======== SOURCE MATERIAL

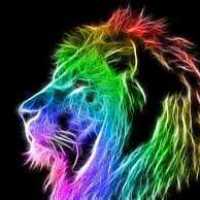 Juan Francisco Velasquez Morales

================
======== SOURCE MATERIAL

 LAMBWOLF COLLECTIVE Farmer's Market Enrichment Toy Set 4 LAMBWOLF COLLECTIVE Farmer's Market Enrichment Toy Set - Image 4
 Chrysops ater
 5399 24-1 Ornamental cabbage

================

EXERCISE GOAL. With the line holding "LAMBWOLF COLLECTIVE Farmer's Market Enrichment Toy Set 4" as the first and the line holding "5399 24-1 Ornamental cabbage" as the last, please transcribe exactly the lines of the material above in that range and nothing else.

ANSWER AREA.
 LAMBWOLF COLLECTIVE Farmer's Market Enrichment Toy Set 4 LAMBWOLF COLLECTIVE Farmer's Market Enrichment Toy Set - Image 4
 Chrysops ater
 5399 24-1 Ornamental cabbage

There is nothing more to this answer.